2. Credit card companies • They made the conditions necessary for exercising Prompt Corrective Action more realistic and helped CCCs repay or dispose of their delinquent loans. • To ease the liquidity crunch of CCCs and the money market distress, they also extended maturities of credit card receivables indefinitely. • The financial market returned to stability, on the back of expectations that the short-term liquidity problems of CCCs would be resolved.
Ⅲ. Some pointers and best practice • The irresponsible business models and ways of running operations of large unregulated NFIs may lead to systemic risk . • It can bring about heavy social costs in that the resulting financial market unrest can give rise to financial crisis or financial panic. • In the light of our experience related to systemic risk arising from large unregulated NFIs’ deterioration in Korea, the following best practices can be considered.
Ⅲ. Some pointers and best practice • Construction and operation of internal control systems based on risk management • It is very important to bring about recognition of risk management. To this end, NFIs’ routine construction of risk management systems should be encouraged and a regime put in place to confirm compliance at regular intervals. • What is more, a risk management department should be set up as an independent organization, and reporting systems put in place that constantly report back to top managers. • In addition, stress tests analysis should be undertaken to guard against overly optimistic expectations as to the future management environment.
Ⅲ. Some pointers and best practice • Strengthening of prudential supervision and regulation of NFIs’ soundness • A risk-based supervisory framework should also be introduced and brought into operation for the NFIs like that for the bank. • NFIs that have been in a comparatively relaxed prudential supervisory and regulatory regime, should in future be subject to the same level of supervision as banks. • Heightening the transparency of NFIs’ management information • The scope for disclosure of NFIs' management information should be expanded, and accounting standards revised on a systematic basis.
Ⅲ. Some pointers and best practice • The information should be promptly made available to market participants. • Moreover, the financial supervisory authorities should disclose within a certain range the findings concerning NFIs’ evaluated in the course of on-site examination. • Imposing liability on the majority shareholder of NFIs • In order to avoid moral hazard on the part of market participants, the majority shareholders should bear the liability for failed NFIs. • A system should be established whereby majority shareholders of NFIs make up a considerable part of management losses.

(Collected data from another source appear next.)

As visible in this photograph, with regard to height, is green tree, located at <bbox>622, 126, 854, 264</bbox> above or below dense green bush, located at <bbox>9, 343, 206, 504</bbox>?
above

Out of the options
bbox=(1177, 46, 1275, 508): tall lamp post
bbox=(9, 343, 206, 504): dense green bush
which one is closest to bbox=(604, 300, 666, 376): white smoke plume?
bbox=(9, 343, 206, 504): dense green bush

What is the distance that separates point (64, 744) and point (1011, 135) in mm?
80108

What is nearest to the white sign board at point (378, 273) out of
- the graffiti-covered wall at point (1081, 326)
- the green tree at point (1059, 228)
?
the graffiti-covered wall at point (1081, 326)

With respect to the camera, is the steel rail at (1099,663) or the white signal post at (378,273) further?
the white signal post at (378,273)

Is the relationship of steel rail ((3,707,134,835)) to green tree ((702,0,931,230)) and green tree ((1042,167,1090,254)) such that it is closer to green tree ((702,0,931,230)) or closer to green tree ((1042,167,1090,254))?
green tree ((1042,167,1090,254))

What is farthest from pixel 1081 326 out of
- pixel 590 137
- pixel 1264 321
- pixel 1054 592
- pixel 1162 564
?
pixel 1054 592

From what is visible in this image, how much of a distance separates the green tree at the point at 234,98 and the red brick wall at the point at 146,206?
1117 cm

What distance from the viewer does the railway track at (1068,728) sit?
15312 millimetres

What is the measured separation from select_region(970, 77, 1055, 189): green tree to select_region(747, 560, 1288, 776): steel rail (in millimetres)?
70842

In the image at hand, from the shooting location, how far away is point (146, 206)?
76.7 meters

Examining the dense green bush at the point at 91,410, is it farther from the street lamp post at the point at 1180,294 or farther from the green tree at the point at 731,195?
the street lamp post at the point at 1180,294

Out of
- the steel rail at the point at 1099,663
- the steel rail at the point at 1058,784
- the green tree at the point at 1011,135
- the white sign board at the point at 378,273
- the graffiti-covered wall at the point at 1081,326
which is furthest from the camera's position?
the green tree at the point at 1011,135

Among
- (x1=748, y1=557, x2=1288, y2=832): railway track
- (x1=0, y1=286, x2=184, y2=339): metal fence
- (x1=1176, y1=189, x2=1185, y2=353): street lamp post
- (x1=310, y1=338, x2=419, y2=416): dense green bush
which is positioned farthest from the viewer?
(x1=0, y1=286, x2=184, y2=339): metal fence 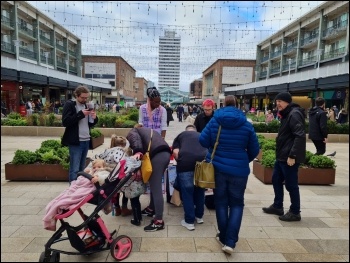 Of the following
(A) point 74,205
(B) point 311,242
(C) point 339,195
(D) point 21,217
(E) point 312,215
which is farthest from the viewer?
(C) point 339,195

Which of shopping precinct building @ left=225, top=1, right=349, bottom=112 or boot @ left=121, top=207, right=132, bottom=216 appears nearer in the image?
boot @ left=121, top=207, right=132, bottom=216

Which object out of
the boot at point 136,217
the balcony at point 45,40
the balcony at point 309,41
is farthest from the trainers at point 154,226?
the balcony at point 45,40

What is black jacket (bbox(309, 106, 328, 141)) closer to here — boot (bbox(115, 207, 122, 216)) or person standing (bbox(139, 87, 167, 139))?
person standing (bbox(139, 87, 167, 139))

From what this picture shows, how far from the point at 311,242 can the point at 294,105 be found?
1832 millimetres

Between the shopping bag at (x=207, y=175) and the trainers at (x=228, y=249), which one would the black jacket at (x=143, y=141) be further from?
the trainers at (x=228, y=249)

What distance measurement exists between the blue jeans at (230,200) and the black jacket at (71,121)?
2.40 metres

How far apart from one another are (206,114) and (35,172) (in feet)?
12.3

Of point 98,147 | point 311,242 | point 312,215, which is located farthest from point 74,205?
point 98,147

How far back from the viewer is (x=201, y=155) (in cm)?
365

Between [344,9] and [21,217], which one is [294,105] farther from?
[344,9]

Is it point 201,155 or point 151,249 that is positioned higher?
point 201,155

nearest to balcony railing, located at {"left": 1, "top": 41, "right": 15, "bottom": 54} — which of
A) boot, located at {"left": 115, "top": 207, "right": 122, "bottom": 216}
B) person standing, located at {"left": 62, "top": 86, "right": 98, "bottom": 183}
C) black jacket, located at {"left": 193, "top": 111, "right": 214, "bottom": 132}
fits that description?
person standing, located at {"left": 62, "top": 86, "right": 98, "bottom": 183}

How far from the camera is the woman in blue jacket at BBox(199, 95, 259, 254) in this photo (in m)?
3.02

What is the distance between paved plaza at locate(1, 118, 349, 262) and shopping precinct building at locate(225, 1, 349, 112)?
55.0 feet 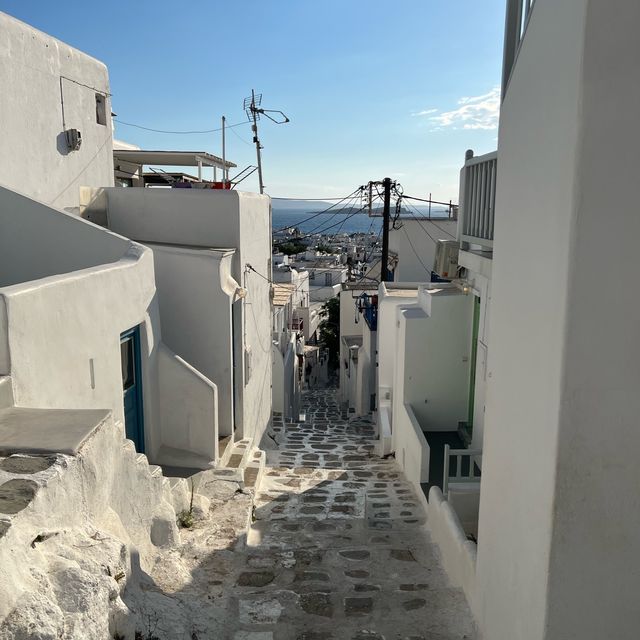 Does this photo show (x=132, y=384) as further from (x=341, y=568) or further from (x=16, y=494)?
(x=16, y=494)

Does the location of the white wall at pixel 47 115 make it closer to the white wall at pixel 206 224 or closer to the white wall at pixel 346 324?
the white wall at pixel 206 224

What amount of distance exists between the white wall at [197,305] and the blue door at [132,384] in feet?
6.34

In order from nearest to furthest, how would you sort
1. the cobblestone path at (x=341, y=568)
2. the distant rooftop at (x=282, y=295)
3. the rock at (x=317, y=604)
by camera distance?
the cobblestone path at (x=341, y=568)
the rock at (x=317, y=604)
the distant rooftop at (x=282, y=295)

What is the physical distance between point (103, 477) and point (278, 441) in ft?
38.5

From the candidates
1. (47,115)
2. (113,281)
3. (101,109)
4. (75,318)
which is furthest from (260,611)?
(101,109)

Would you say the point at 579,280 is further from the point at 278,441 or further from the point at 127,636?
the point at 278,441

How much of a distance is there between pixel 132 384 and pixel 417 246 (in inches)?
796

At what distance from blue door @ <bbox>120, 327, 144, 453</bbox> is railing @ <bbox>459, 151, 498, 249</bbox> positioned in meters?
4.78

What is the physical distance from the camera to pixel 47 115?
35.4ft

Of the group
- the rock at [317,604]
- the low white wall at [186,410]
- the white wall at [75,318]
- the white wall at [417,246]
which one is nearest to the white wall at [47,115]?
the white wall at [75,318]

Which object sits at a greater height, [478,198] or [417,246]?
[478,198]

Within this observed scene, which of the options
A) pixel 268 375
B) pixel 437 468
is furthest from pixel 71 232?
pixel 268 375

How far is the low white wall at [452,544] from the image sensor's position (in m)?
5.29

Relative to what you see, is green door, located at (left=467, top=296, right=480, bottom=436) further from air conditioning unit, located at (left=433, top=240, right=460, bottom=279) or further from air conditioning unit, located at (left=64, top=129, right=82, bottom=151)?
air conditioning unit, located at (left=64, top=129, right=82, bottom=151) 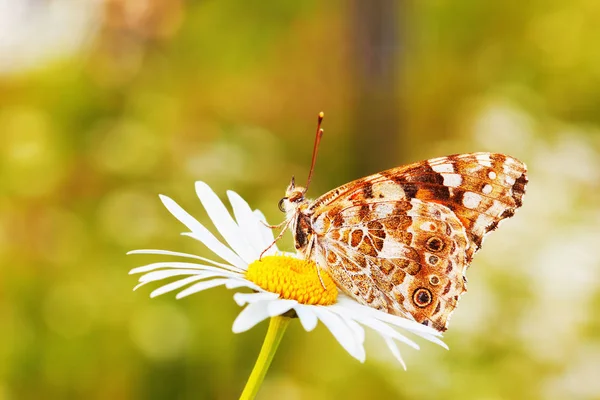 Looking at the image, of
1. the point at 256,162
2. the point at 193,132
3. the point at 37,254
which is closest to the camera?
the point at 37,254

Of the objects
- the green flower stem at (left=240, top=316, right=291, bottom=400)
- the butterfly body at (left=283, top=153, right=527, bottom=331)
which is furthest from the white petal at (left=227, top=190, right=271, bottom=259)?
the green flower stem at (left=240, top=316, right=291, bottom=400)

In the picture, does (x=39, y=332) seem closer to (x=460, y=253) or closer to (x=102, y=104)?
(x=102, y=104)

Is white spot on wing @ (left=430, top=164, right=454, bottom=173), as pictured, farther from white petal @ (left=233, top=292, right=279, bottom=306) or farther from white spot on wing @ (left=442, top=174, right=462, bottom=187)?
white petal @ (left=233, top=292, right=279, bottom=306)

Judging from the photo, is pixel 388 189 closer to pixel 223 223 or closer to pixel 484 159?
pixel 484 159

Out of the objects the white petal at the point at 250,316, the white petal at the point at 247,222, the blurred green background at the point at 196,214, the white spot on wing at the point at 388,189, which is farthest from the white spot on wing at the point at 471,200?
the blurred green background at the point at 196,214

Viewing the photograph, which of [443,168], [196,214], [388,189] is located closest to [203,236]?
[388,189]

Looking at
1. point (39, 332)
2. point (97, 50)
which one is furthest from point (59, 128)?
point (39, 332)
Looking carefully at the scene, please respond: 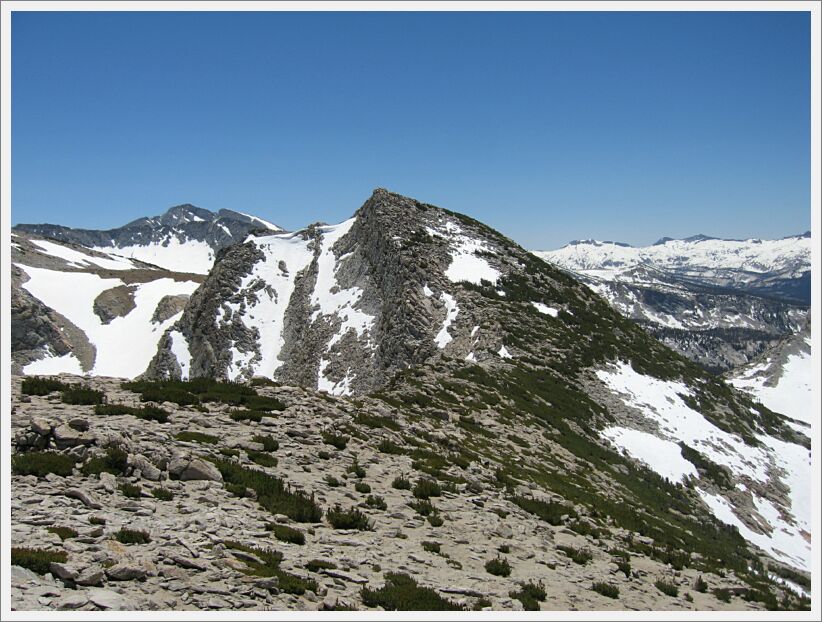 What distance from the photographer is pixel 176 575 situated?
9.10m

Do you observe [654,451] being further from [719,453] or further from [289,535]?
[289,535]

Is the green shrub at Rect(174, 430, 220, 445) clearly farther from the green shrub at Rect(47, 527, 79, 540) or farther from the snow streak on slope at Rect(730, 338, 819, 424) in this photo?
the snow streak on slope at Rect(730, 338, 819, 424)

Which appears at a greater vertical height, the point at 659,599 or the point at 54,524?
the point at 54,524

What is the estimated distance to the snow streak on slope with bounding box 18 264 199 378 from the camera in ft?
433

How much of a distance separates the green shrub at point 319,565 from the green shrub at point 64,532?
458cm

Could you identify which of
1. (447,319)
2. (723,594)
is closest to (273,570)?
(723,594)

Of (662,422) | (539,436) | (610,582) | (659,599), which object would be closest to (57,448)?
(610,582)

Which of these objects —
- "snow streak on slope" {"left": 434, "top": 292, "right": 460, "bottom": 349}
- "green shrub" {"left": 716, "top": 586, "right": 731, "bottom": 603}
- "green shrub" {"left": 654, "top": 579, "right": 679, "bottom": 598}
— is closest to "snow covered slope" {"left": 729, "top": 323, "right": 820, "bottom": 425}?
"snow streak on slope" {"left": 434, "top": 292, "right": 460, "bottom": 349}

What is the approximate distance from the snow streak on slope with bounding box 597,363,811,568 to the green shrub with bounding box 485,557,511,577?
3065cm

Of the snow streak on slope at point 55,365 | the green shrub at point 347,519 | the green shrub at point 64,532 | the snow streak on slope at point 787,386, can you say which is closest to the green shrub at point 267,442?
the green shrub at point 347,519

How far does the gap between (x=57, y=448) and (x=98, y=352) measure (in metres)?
148

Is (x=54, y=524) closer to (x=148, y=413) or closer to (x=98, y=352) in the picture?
(x=148, y=413)

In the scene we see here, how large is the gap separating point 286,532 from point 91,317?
177m

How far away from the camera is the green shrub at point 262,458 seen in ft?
51.2
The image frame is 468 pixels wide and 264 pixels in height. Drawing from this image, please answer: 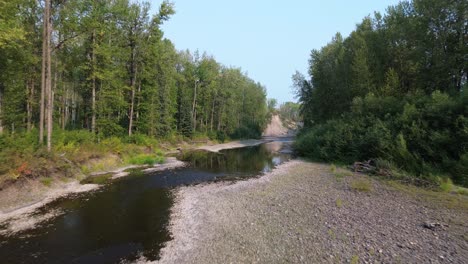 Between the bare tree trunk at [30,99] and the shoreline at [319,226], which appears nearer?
the shoreline at [319,226]

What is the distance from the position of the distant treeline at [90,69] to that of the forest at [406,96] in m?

Ⅲ. Some pointers and best practice • The policy authorities' direct intervention in order to safeguard the financial system stability by acting as an orchestrator. • If NFIs failed, the policy authorities should swiftly divide them into those that are systemically important and those that are not. • In order to prevent contagion effects, support for a turnaround can be given to those paths of systemically important through the supply of liquidity whereas the remaining institutions should exit the market.